Each blob is allocated enough extents to contain all of its data, as well as a number of data blocks reserved for storing verification metadata of the blob. This metadata is always stored in the first blocks of the blob. Metadata is padded so that the actual data always starts at a block-aligned address.

This verification metadata is called a Merkle Tree, a data structure that uses cryptographic hashes to guarantee the integrity of the blob's contents.

Merkle tree

A blob's Merkle Tree is constructed as follows (for more details, see Fuchsia Merkle Roots):

Each leaf node is a sha256 hash of a single block's worth of data.
Each non-leaf node is a sha256 hash combining its children's hashes.
The tree terminates at the level where there is a single sha256 hash.

The hash value at the top-most node is known as the Merkle Root of the blob. This value is used as the name of the blob.

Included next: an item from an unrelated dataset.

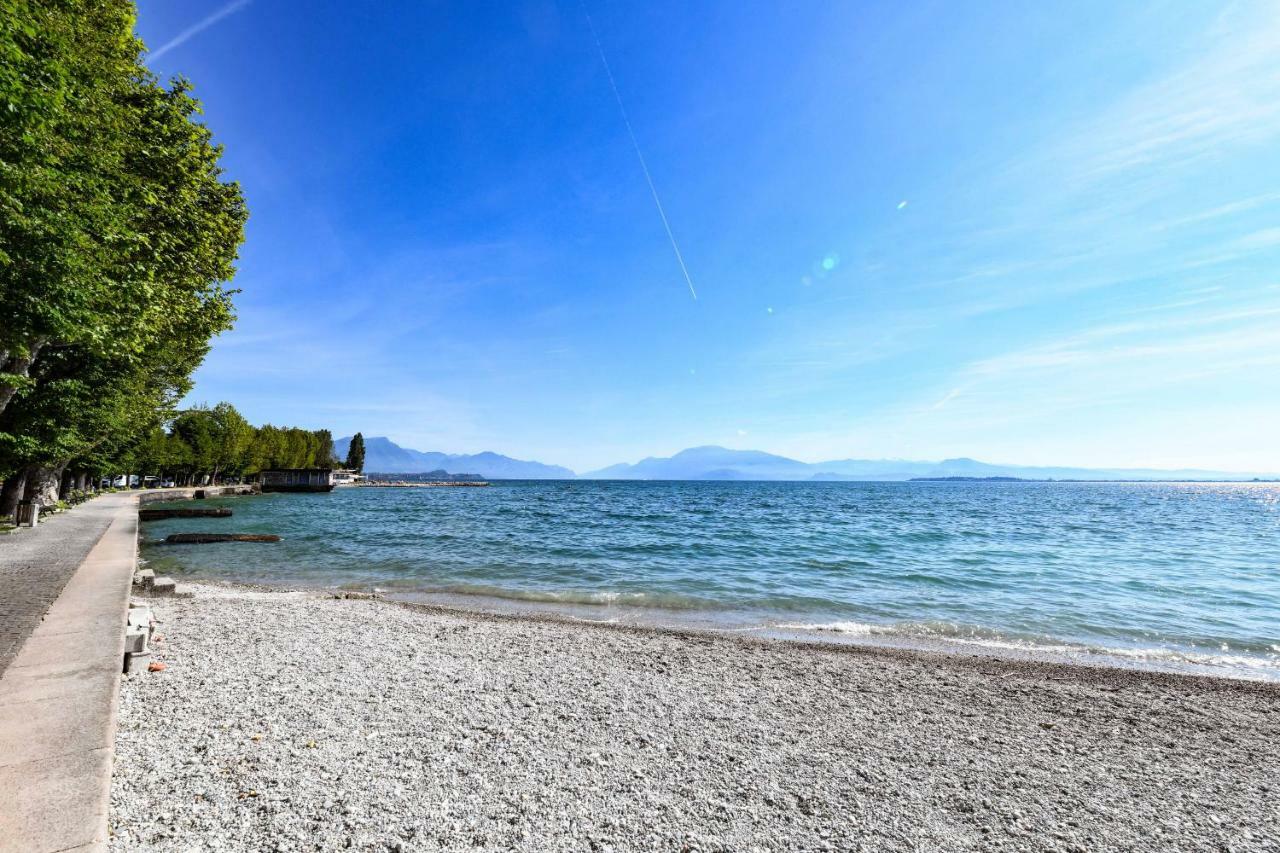 Desenzano Beach Apartment Desenzano del Garda Zewnętrze zdjęcie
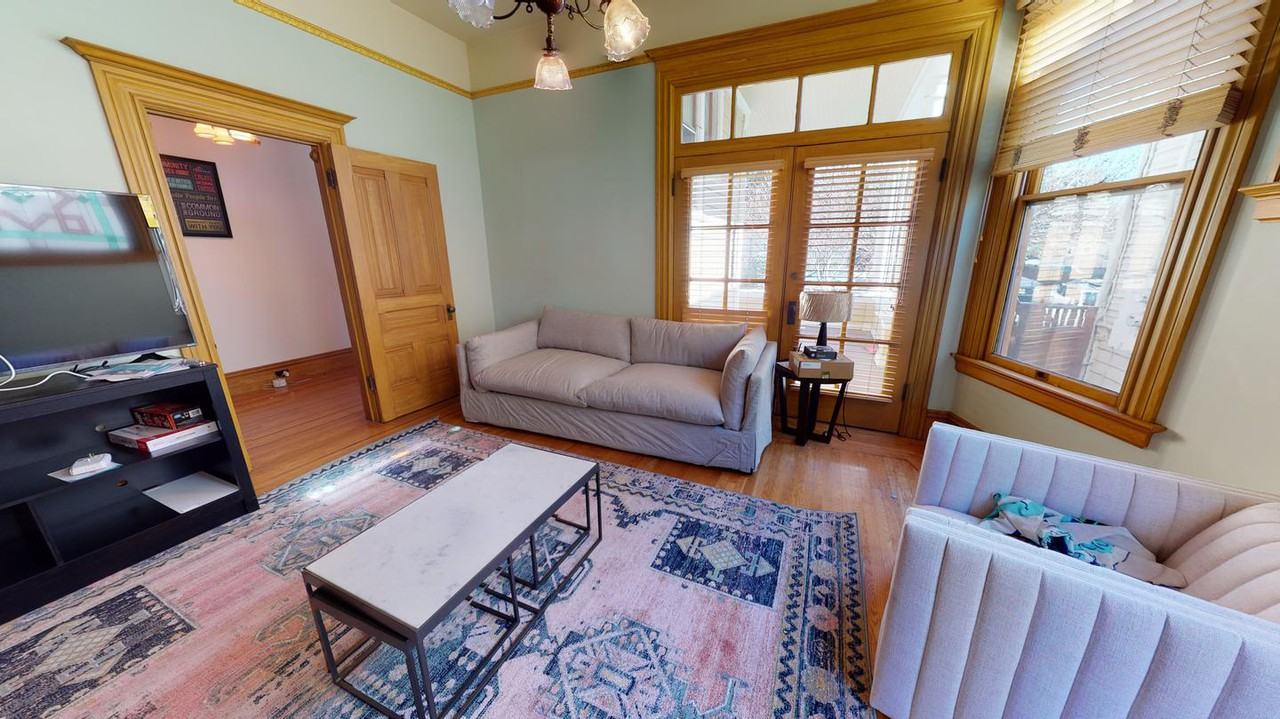 Beautiful Downtown San Jose Home with Wrap Around Deck Apartments in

A simplified example Merkle Tree

Figure 10: A simplified example Merkle Tree. Note that in practice more information is included in each hash value (such as the block offset and length), and each non-leaf node is significantly wider (in particular, each non-leaf node can contain up to 8192 / 32 == 256 children).

Implementation of BlobFS

Like other Fuchsia filesystems, BlobFS is implemented as a userspace process that serves clients through a FIDL interface.